One of the benefits to being a global bank is its wide range of services. UBS Fund Services’ integrated solution leverages the bank’s existing tools and services to deliver consistent reporting to the client across cash, custody and fund administration.
However, this still places a heavy technology burden even on a firm of UBS’s size. “Large institutional mandates entail a few months of preparation due to the IT development needed for tailor-made reporting,” Valente says. “However, due to our large institutional client base in Switzerland, we already have a sophisticated approach to reporting that can be leveraged.”
Another reason for UBS Fund Services to update its service model is that Swiss institutions want to invest in private equity and real estate vehicles as well as funds of hedge funds, “where we obviously are facing higher requirements in terms of asset servicing and reporting”.
The alternatives industry in Switzerland is steadily evolving, triggering renewed focus on the areas of product and technology development to meet clients’ needs.

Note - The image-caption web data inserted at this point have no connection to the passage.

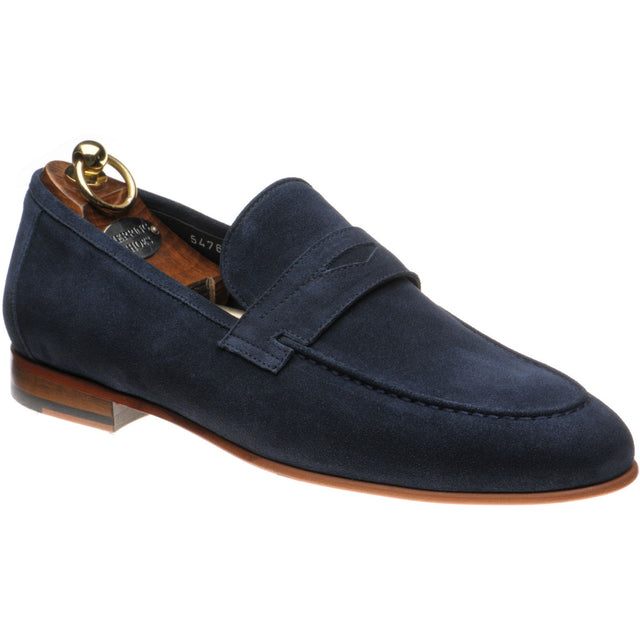 Herring Trovatore mens loafers in navy suede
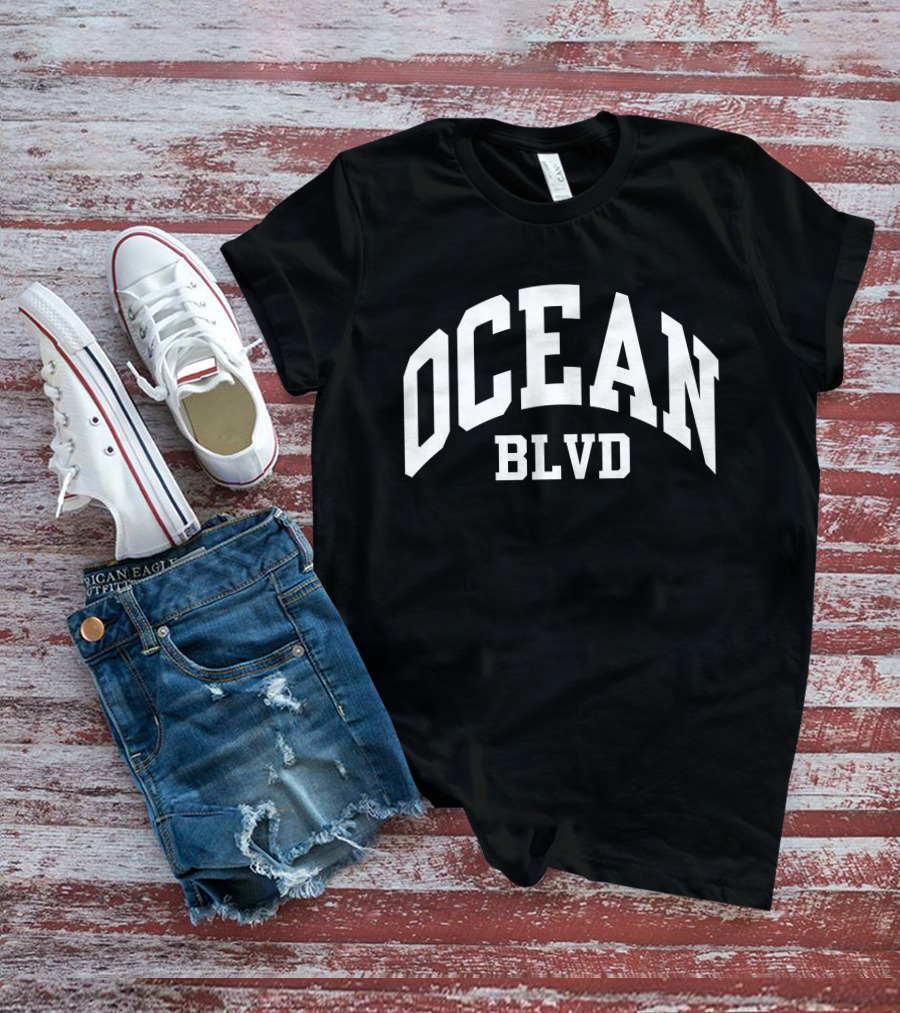 Ocean BLVD Bold Arch Typography T-Shirt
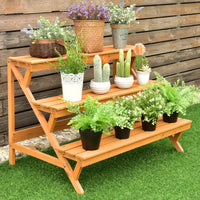 Thumbnail for 3 Tiers Wooden Step Ladder Plant Pot Rack Stand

Valente believes administrators need to make dramatic changes in four main areas.
First is the need for integrated services. “Clients require a full-service offering that includes the development of legally-compliant products, advisory/consultancy support, asset custody and full reporting – in other words, a fully-fledged asset-servicing model,” he says. “Firms that don’t have that in the next couple of years will face a huge competitive disadvantage.”
Strong fund governance is the second area, particularly as more institutions start to write tickets. “We need to demonstrate strong capabilities from a legal perspective, compliance monitoring, risk management, fund formation, registering them with the authorities and acting as their representative,” Valente says
Third is strong reporting that goes far beyond the usual remit of performance and transaction/portfolio reporting. Regulatory reporting and more efficient risk reporting will grow in importance going forward.
“Finally, you need middle-office capability,” he says. “Promoters, irrespective of size, want us to take on roles that go beyond mere back-office support. This is about outsourcing anything that isn’t related to the investment management process.
“It’s about delivering not only NAV but valuation; not only risk reporting but ensuring the fund complies with investment restrictions; not only transaction reporting but a middle office that supports cash management, reconciliation and settlement. We see this not only in Switzerland but globally. We need to move away from being purely a back-office provider to a middle- and front-office provider.”
Although average investment in alternatives remains far below the legal ceiling for Swiss pension funds, Valente believes that if the market remains positive, hedge funds will continue to grow. “Swiss asset management industry assets are almost back to their peak, in parallel with increased interest in alternative investments,” he says. “I believe we’ll see even more inflows into alternatives throughout 2012.”